Mentre l’avvocato Angelo Sorace, anche lui difensore di Filippone, ha sostenuto che l’imputato «è una persona che per 40 anni ha fatto l’agricoltore e percepisce la pensione come bracciante agricolo». Contestabile ha ricordato ai giudici che «Filippone arriva per la prima volta ad 80 anni ad essere giudicato per fatti di mafia».

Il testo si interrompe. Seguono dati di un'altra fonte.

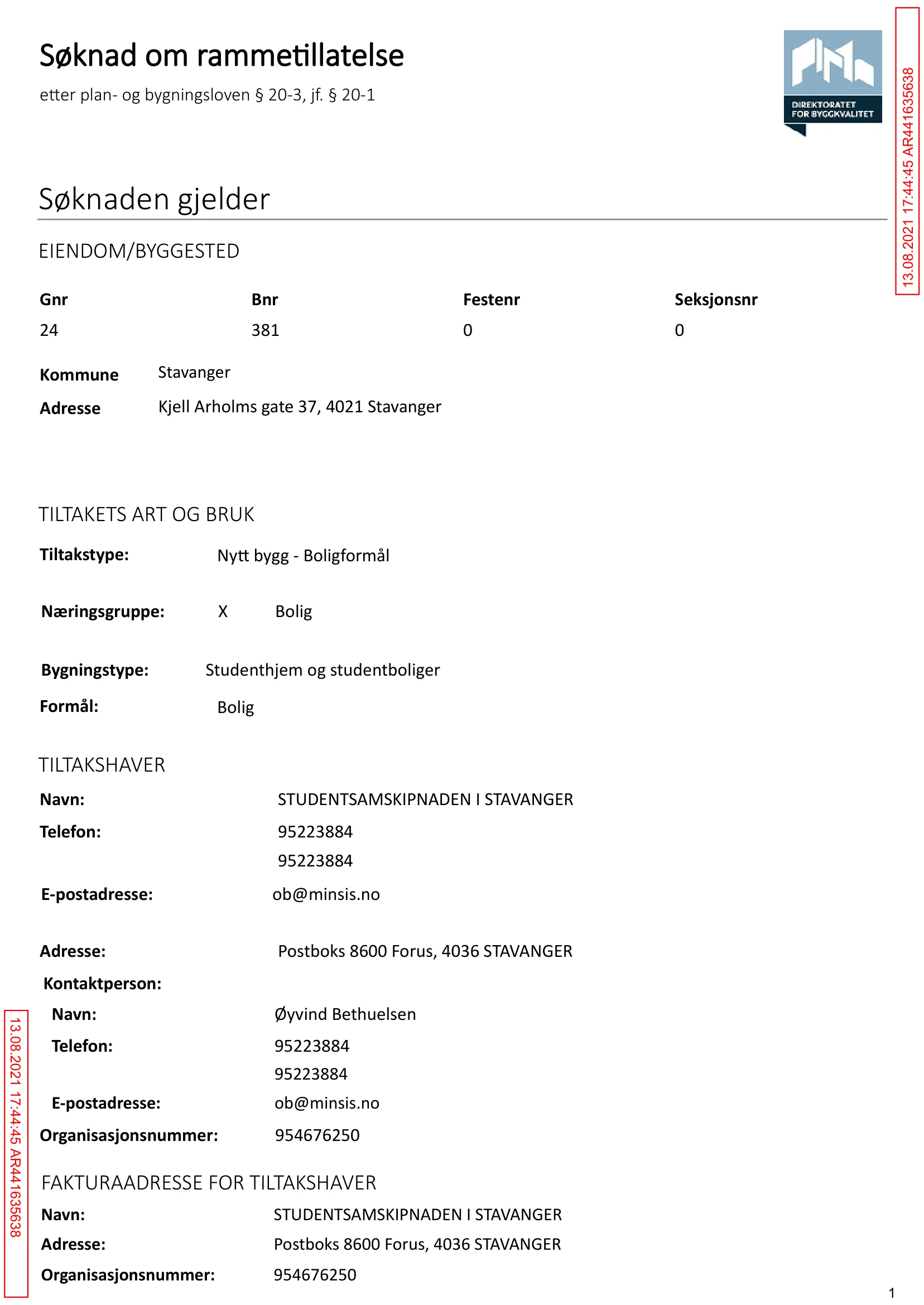 Søknad om rammetillatelse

Il legale ha fatto riferimento a quello che ha definito un “paradosso processuale” nella ricostruzione della Dda reggina secondo cui Giuseppe Graviano e Rocco Santo Filippone sono i mandanti degli agguati ai carabinieri, eseguiti materialmente da Consolato Villani e da Giuseppe Calabrò: «’Ndrangheta e Cosa Nostra – ha sottolineato il legale – che si sarebbero alleate in un folle tentativo stragista iniziato con attentati ben studiati ed organizzati nei minimi dettagli, ad un certo punto inspiegabilmente si sarebbero affidate a due principianti, pur avendo a disposizione assassini professionisti capaci di commettere i delitti più atroci affidati loro con grande precisione, evidentemente solo per miseramente fallire».
Rivolgendosi alla Corte d’Assise, l’avvocato Contestabile ha sostenuto che «nella sentenza di eventuale condanna si dovrà avere il coraggio di scrivere questo: Riina e i siciliani, i Piromalli e i calabresi avevano affidato le sorti della rivoluzione sanguinaria ad un minorenne ed ad un maggiorenne con sindrome comportamentali. Alle vittime del processo – ha concluso il difensore di Filippone – non serve un colpevole, serve la verità. Per questa ragione che affidiamo alla vostra coscienza le sorti di un innocente. Io capisco la difficoltà nell’affrontare le problematiche di questo genere e le aspettative che ci sono per questo processo. Condannare all’ergastolo Filippone significa condannare a morte un innocente».